Volunteers install giant pink triangle on San Francisco’s Twin Peaks
A giant pink triangle has been installed on top of San Francisco’s Twin Peaks in an annual display for Pride Month.
The pink triangle can be seen from 15 miles away, and as it was once a symbol used by Nazis to identify homosexuals, it commemorates gay victims of the holocaust.
Volunteers climbed to one of the two 281m summits, hence the name Twin Peaks, to install the pink cloth secured with spikes for the 24th year in a row.
According to the triangle’s official website, the installation is a “commemoration of the gay victims who were persecuted and killed in concentration camps in Nazi Germany starting in 1933 through the end of WWII.
“The pink triangle symbol has since evolved into an important reminder for the gay, lesbian, bisexual and transgender community of the continuing homophobia and inhumanity against them and other repressed minorities around the world.”
The first pink triangle was installed in secret, so the founder wouldn’t be arrested
According to the San Francisco Chronicle, Patrick Carney who installed the first pink triangle at Twin Peaks in 1995 said: “Twenty-four years ago, we came up in the dead of night so we wouldn’t be arrested.”
“The world is not yet done with the hate,” a volunteer visiting from Ukraine told the newspaper. “We need to keep showing up and showing up.”
Volunteer Rick Bowles put in the final spike and said: ““I recall being called a fag when I was a kid.
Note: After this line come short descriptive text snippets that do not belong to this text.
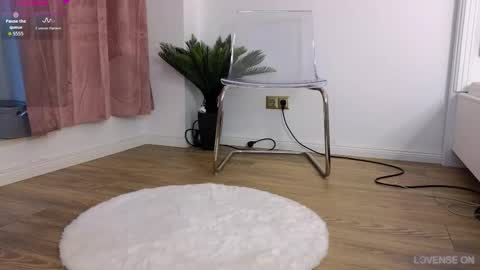 Emma online show from 10-22-25, 04:46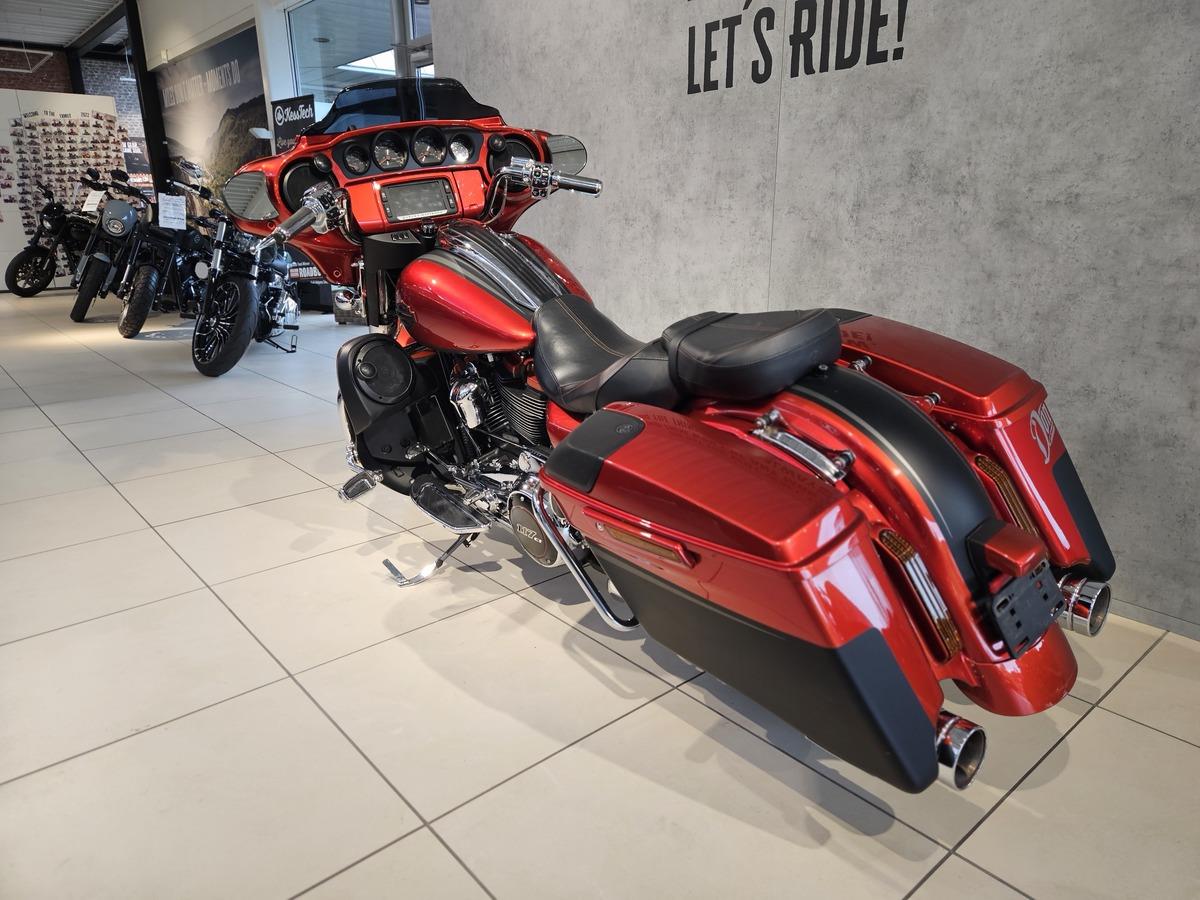 CVO FLHXSE STREET GLIDE 
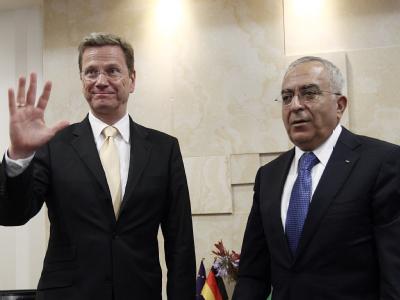 Außenminister Guido Westerwelle (l.) traf in Ramallah den palästinensischen Ministerpräsidenten Salam Fajad. Westerwelle und Fajad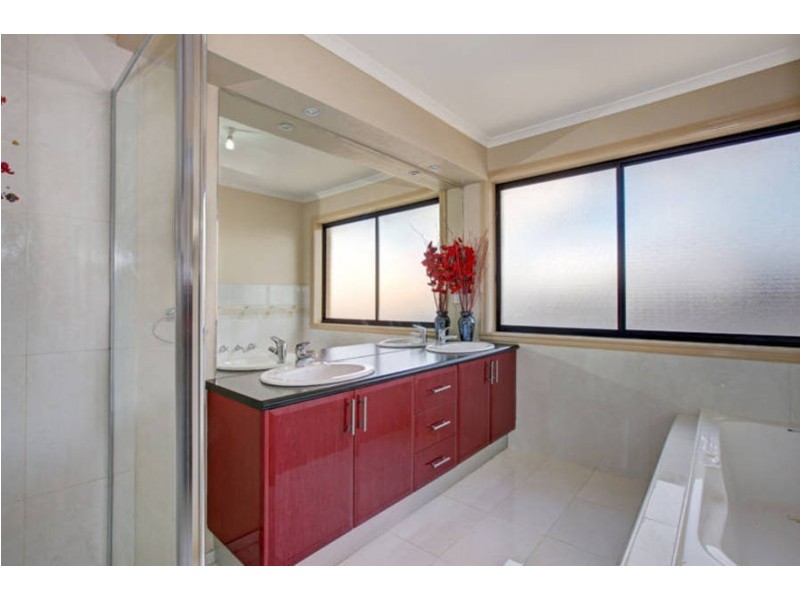 99 Hayfield Road, Roxburgh Park VIC 3064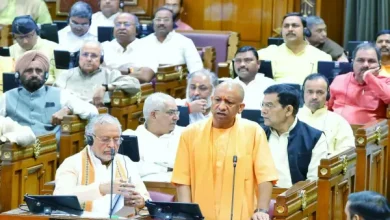 उत्तर प्रदेश विधानमंडल के विशेष सत्र को संबोधित करते हुए मुख्यमंत्री योगी आदित्यनाथ (Yogi Adityanath)।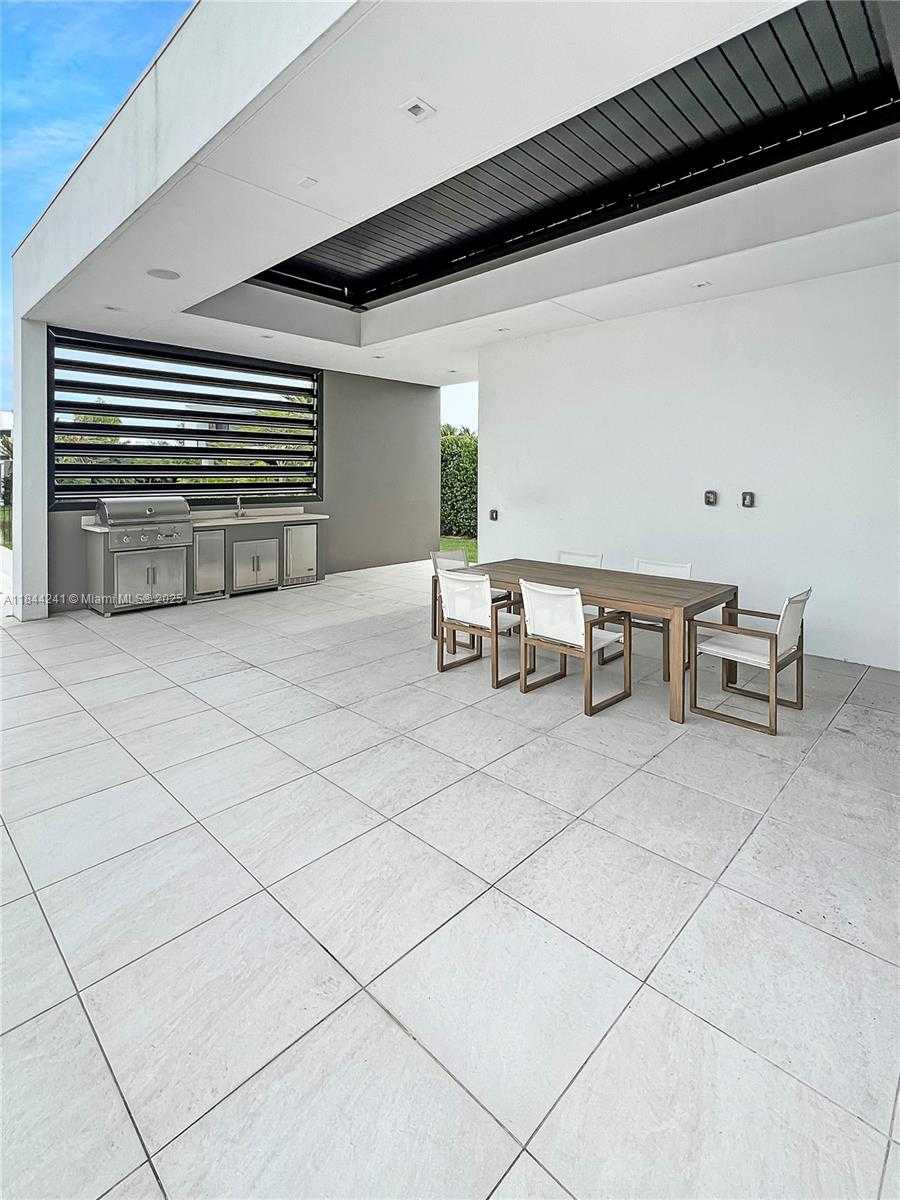 Small Image of 16640 SUNSET WAY, Weston Number 31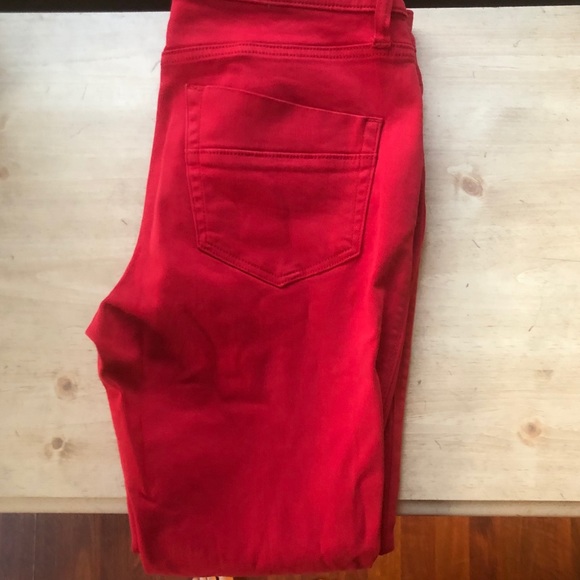 Red pants - Picture 2 of 2
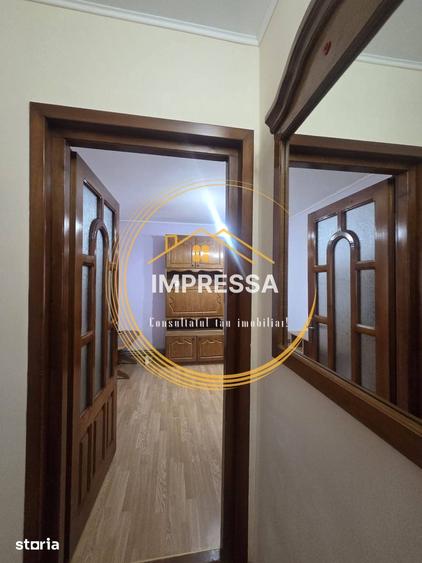 Apartament cu 3 camere decomandat în Burdujeni
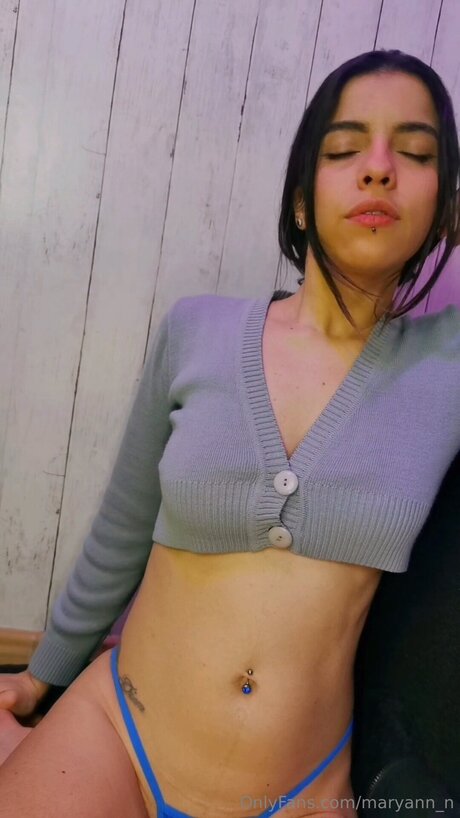 アジア人カップルオンリーファンズ ホット裸 画像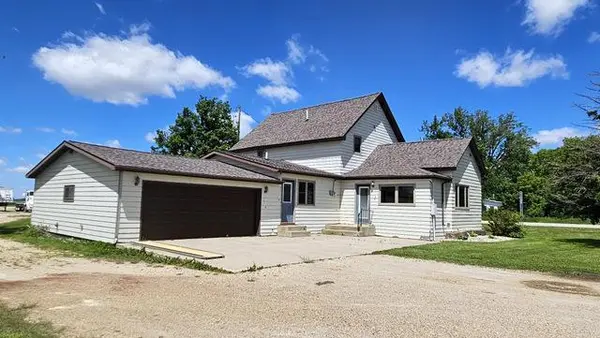 306 Larkin AVE, Barry, MN 56210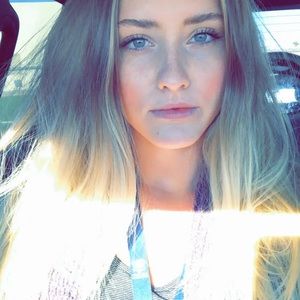 Meet your Posher, Lily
This triangle is important.
“It reclaims a symbol of negativity and hate, and turns it into something positive.”
After installing the 61m-wide triangle in the fastest time ever (36 minutes), they held a commemoration ceremony complete with a performance from the San Francisco gay and lesbian marching band.
A volunteer said, according to the San Francisco Chronicle: “The rest of the weekend is full of wonderful debauchery. This gives you something to think about, and not just go off and get drunk.”